Task to carry out:
Please output only the lines that begin at the line with "Once I choose" and run through the end of the entries below, exactly as written. Drop all pictures.

--- Exercise data Enclosed Below ---

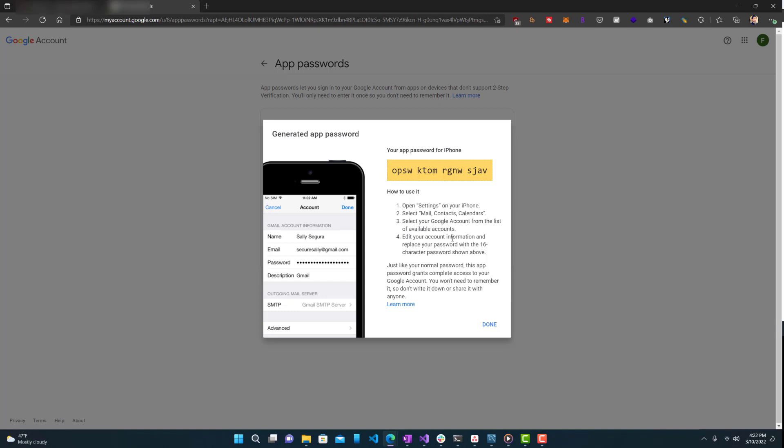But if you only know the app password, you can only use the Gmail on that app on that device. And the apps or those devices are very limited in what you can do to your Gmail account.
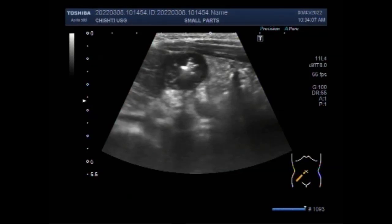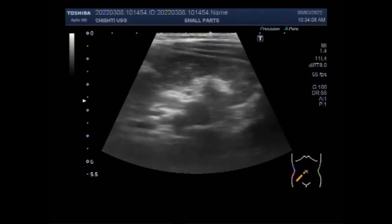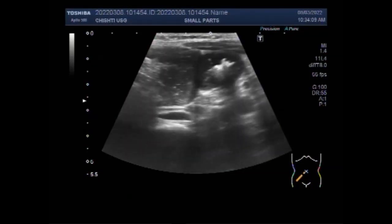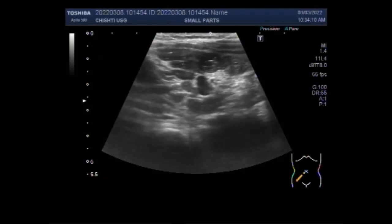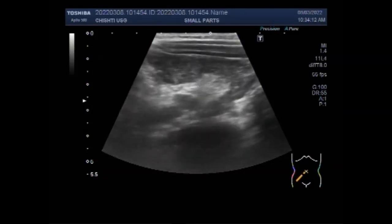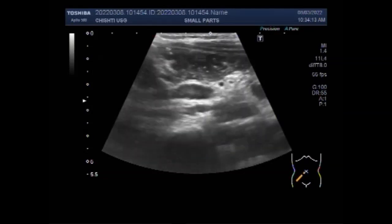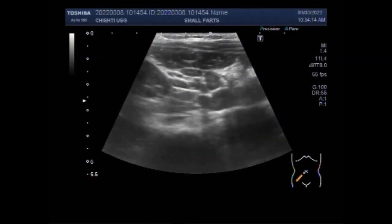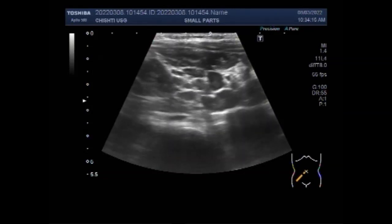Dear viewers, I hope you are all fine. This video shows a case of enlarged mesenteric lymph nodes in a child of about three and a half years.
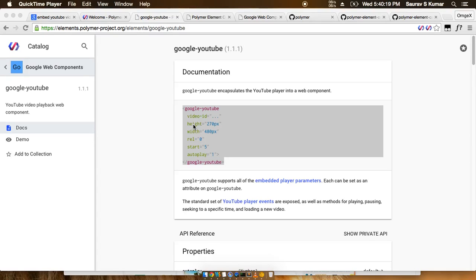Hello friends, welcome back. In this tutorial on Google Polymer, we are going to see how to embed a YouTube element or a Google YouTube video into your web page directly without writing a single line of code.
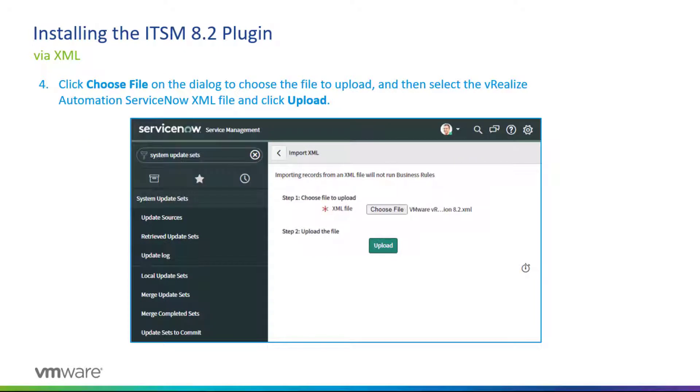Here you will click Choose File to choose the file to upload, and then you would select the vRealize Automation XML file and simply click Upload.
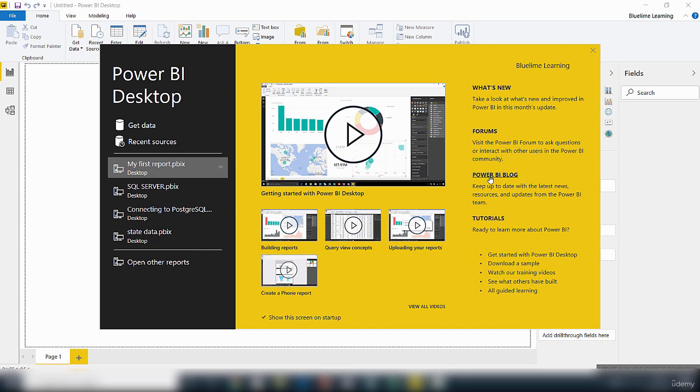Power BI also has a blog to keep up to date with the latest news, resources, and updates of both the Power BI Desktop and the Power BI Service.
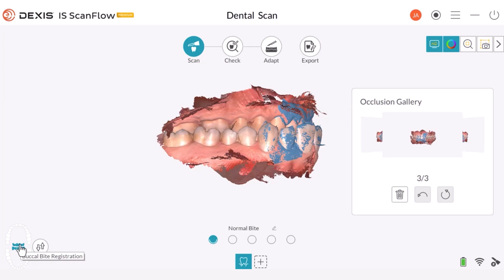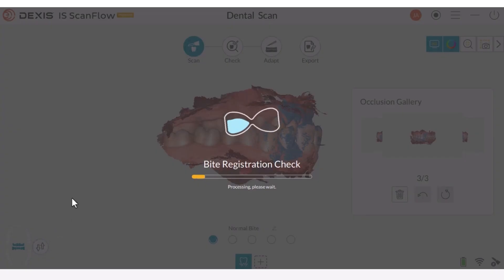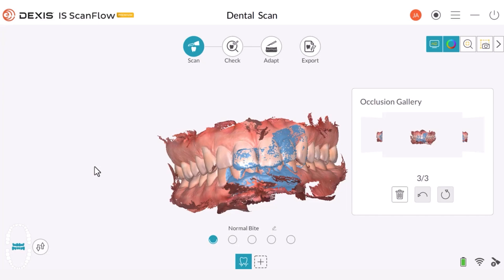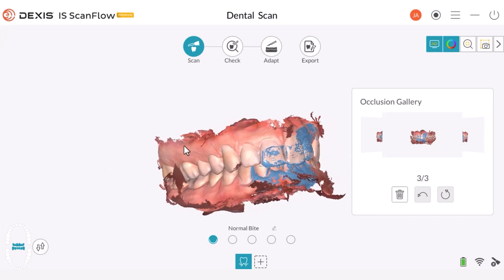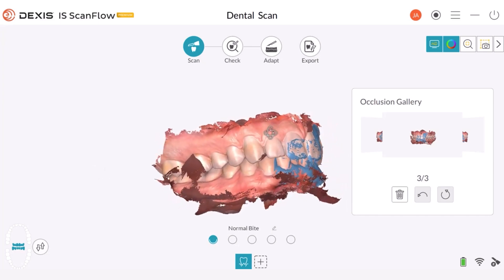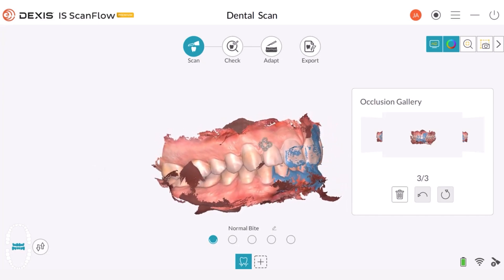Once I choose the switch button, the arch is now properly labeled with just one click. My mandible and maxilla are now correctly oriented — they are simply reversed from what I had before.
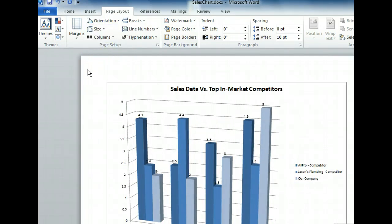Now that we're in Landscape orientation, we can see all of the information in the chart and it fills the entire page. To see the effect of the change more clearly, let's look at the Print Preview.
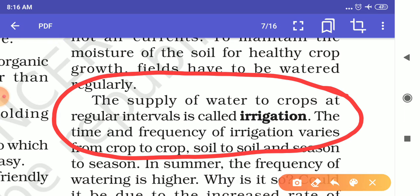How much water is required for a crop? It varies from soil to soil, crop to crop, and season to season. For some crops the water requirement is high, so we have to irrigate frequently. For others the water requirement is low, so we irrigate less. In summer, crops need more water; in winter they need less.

--- End of Enclosed Exercise data ---

Answer area:
Once I choose the switch button, the arch is now properly labeled with just one click. My mandible and maxilla are now correctly oriented — they are simply reversed from what I had before.
Now that we're in Landscape orientation, we can see all of the information in the chart and it fills the entire page. To see the effect of the change more clearly, let's look at the Print Preview.
How much water is required for a crop? It varies from soil to soil, crop to crop, and season to season. For some crops the water requirement is high, so we have to irrigate frequently. For others the water requirement is low, so we irrigate less. In summer, crops need more water; in winter they need less.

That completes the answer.